You are viewing a plain text version of this content. The canonical link for it is here.
Posted to mapreduce-user@hadoop.apache.org by Lewis John Mcgibbney <le...@gmail.com> on 2012/10/30 23:36:07 UTC

How to Access a Mapper and Reducer Counters (cont'd???)

Hi All,

I am attempting to access the number of output records in a map task
and therefore turned to the o.a.h.mapreduce.Job#getCounters() API and
attempted to do something like this

String mapTaskOutputCounterName = MAP_OUTPUT_RECORDS;
...
Counters counter = currentJob.getCounters();
...
counter.getGroup(mapTaskOutputCounterName).size();

However this always gave me 0 when I attempted to push this value to
LOG output. I therefore searched on the list archives and came across
this rather interesting thread [0] which eventually leads to
MAPREDUCE-3520[1] highlighting the need for a new interface for
metrics to be exchanged between maps and reduces.
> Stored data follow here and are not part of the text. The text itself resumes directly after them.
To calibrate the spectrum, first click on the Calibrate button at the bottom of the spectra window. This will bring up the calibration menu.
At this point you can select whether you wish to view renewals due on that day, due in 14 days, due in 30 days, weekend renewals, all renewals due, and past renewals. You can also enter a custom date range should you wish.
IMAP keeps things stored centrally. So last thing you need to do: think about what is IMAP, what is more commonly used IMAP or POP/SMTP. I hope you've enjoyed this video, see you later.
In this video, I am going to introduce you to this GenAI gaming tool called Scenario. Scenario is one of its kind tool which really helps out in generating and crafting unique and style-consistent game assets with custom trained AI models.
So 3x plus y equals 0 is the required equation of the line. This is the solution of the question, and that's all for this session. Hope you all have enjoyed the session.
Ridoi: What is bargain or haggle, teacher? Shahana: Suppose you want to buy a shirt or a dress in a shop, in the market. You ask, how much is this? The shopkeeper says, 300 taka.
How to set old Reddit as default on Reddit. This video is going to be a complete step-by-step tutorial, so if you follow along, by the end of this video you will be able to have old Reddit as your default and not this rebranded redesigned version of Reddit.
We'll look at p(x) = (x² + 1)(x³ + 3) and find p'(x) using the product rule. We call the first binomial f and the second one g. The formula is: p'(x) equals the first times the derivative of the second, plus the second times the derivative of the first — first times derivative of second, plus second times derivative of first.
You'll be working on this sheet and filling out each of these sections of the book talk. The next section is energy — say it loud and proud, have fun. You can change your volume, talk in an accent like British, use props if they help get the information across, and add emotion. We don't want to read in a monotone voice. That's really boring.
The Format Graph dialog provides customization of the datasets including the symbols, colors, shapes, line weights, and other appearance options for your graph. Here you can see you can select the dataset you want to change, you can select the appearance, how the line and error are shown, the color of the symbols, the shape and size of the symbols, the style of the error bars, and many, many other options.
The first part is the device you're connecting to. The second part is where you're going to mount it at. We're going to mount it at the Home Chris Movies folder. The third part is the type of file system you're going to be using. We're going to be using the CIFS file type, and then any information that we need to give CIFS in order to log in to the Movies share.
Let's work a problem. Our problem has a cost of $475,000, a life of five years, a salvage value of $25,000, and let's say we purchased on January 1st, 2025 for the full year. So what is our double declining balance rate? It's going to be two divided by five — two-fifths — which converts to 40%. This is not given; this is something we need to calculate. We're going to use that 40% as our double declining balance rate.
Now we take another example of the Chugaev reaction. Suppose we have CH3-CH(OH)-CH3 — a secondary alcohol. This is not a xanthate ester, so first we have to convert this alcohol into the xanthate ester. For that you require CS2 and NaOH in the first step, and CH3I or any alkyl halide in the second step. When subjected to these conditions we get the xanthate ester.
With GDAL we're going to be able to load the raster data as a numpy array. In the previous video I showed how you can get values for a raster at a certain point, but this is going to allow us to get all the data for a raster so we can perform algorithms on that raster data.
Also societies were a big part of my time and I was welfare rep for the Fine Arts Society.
I need to be honest here and say that the integer value I am after is
rather trivial in its purpose (it compliments some simple logging
within Nutch 2.x) however it would be great if someone could provide
me with the code to obtain the correct counter group (e.g.
MAP_OUTPUT_RECORDS) from within the Job Counters.

Thank you very much in advance for any help which comes this way.

Lewis

[0] http://www.mail-archive.com/mapreduce-user@hadoop.apache.org/msg03724.html
[1] https://issues.apache.org/jira/browse/MAPREDUCE-3520

-- 
Lewis

Re: How to Access a Mapper and Reducer Counters (cont'd???)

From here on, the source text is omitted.